DeSantis Versus the Mouse and Raging Polynomials

Disney World in Florida attracts more than 50 million visitors a year to an area of central Florida that was previously known only for stifling heat, cheap land, and military bases. It generates more than $5 billion every year in local and state tax revenue, it says here, which is handy in a state that prides itself on making do without a state personal income tax. I understand that Disney is also the single biggest employer in the state of Florida.

Today the Florida legislature passed a bill that dissolves a special district that allows the Walt Disney Company to act as its own government within the outer limits of Orange and Osceola counties. “The special district, enacted in 1967 to entice Disney to build a theme park 20 miles south of Orlando, saves the company millions of dollars annually in fees and taxes,” it says here.

There is a righteous debate to be had over the practice of giving big corporations special tax breaks or other incentives to intice them to move to your state or city. There is a lot wrong with that, IMO. But today’s bill will impact a lot of people beside Disney and its employees.

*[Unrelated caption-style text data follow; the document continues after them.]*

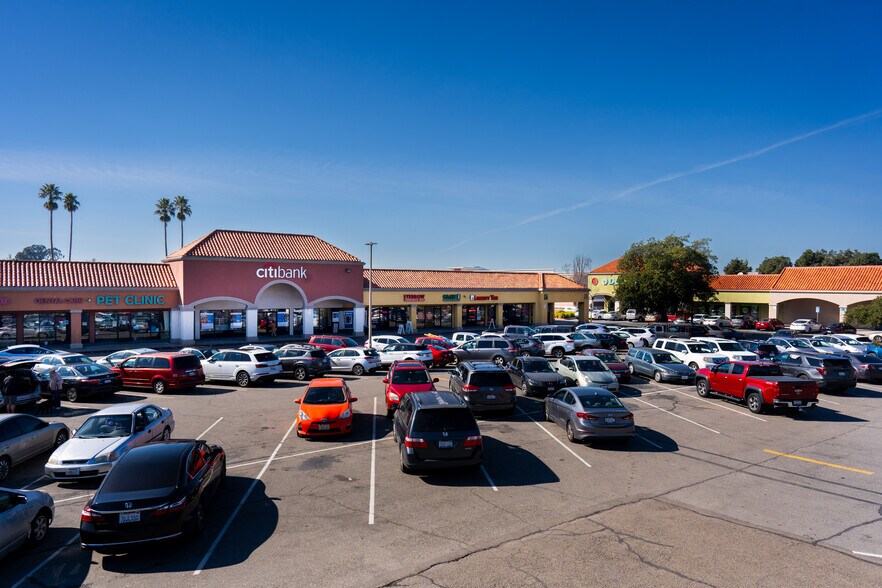 20-800 San Pablo Towne Center, San Pablo, CA à louer - Photo du bâtiment - Image 1 de 2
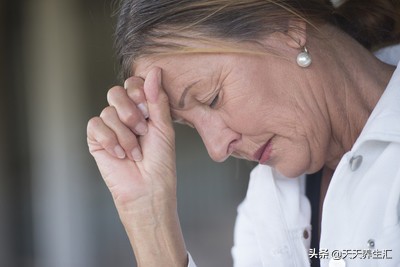 女性绝经后身体可能会有3个变化,女性绝经后出现这些症状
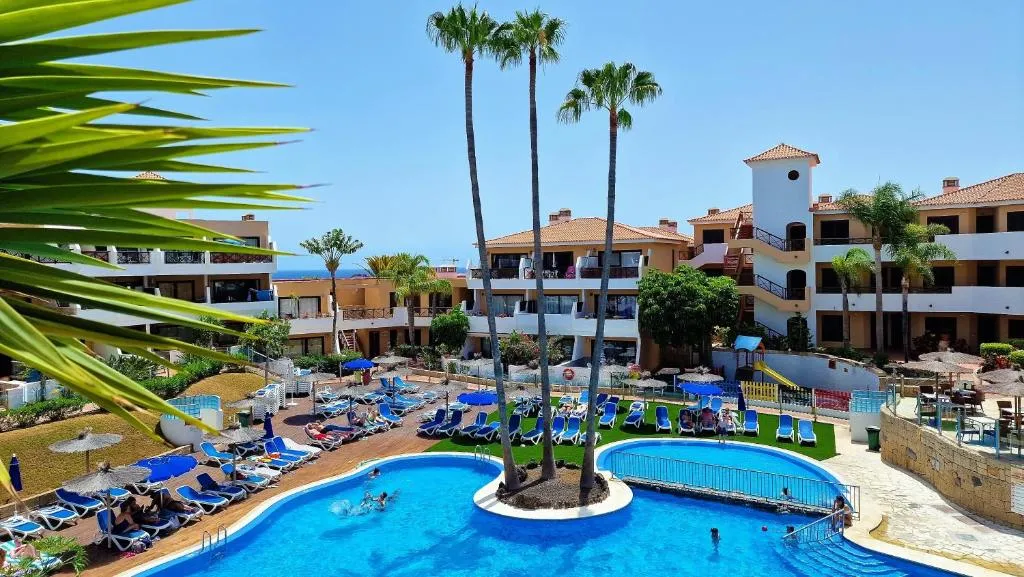 View of From €96 - Strelitzia Apartment - ocean view & heated pool, San Miguel ...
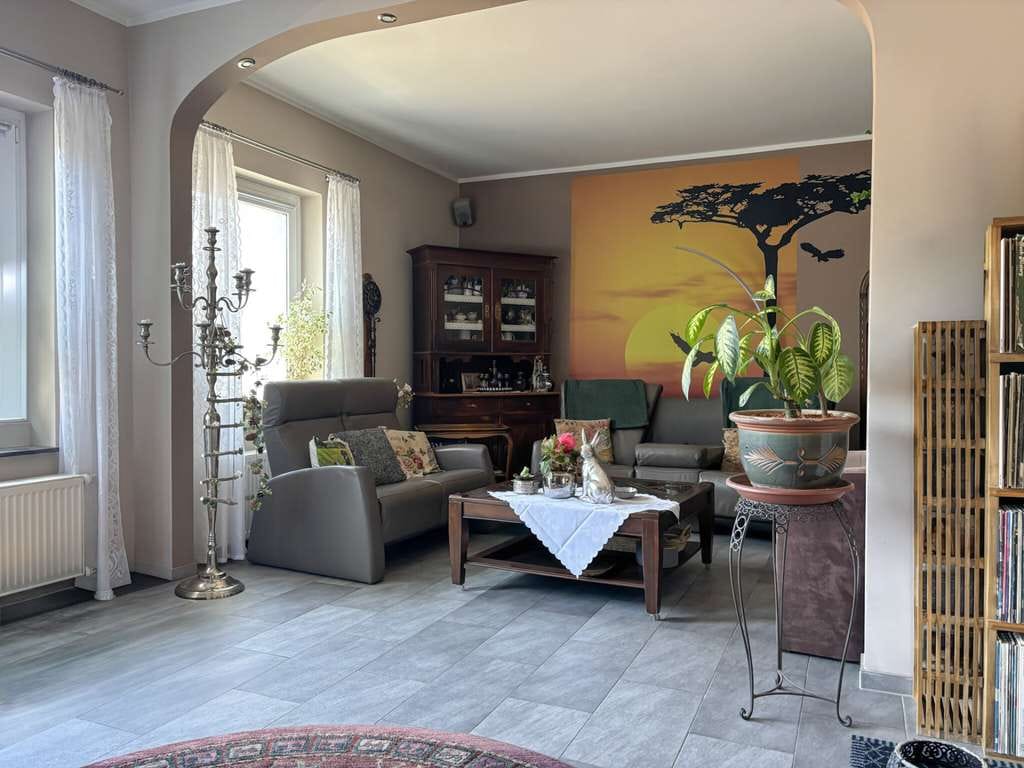 Immobilie in Georgsmarienhütte - Ihr privates Reich auf zwei Ebenen: Großzügige Maisonettewohnung mit Gartenoase und Partyhütte - Bild 2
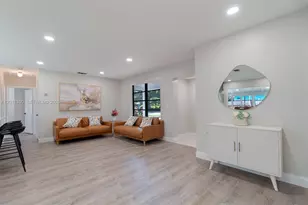 712 Tradewind Dr, North Palm Beach, FL 33408 - Photo 14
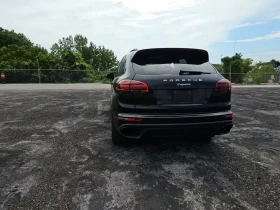Porsche Cayenne PLATINUM* FACELIFT* BOSE* PANO* ОБДУХ* KEYLESS* ВИ - 29900 лв. - 27147392 2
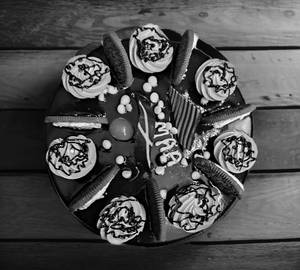 Pure Veg  Oreo Chocolate Cake [1.200 kg]
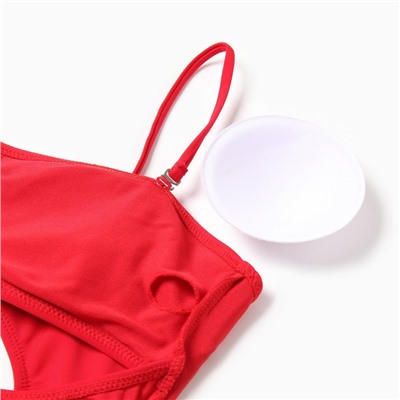 Купальник женский слитный с вырезом на животе MINAKU, размер 42, красный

Dissolving the district would mean Reedy Creek employees and infrastructure would be absorbed by the local counties, which would then become responsible for all municipal services. The counties would collect the tax revenue Disney currently pays the Reedy Creek district, but would also be saddled with the districts liabilities. Namely, its debt.

Reedy Creek historically operates at a loss of around $5 million to $10 million each year, according to its financial reports. But since Disney can subsidize its own operations with theme park revenue, that debt doesn’t have much impact on its bottom line.

According to lawmakers, there’s around $1 billion in debt on the balance sheet that taxpayers would become responsible for should the special district get absorbed, leading to higher taxes.

Was this really a smart move for a guy running for re-election? That would be Gov. Ron DeSantis. He’s way ahead in the polls I understand, but it’s a long way to November. On the other hand, the effects of this mess won’t be felt until next year.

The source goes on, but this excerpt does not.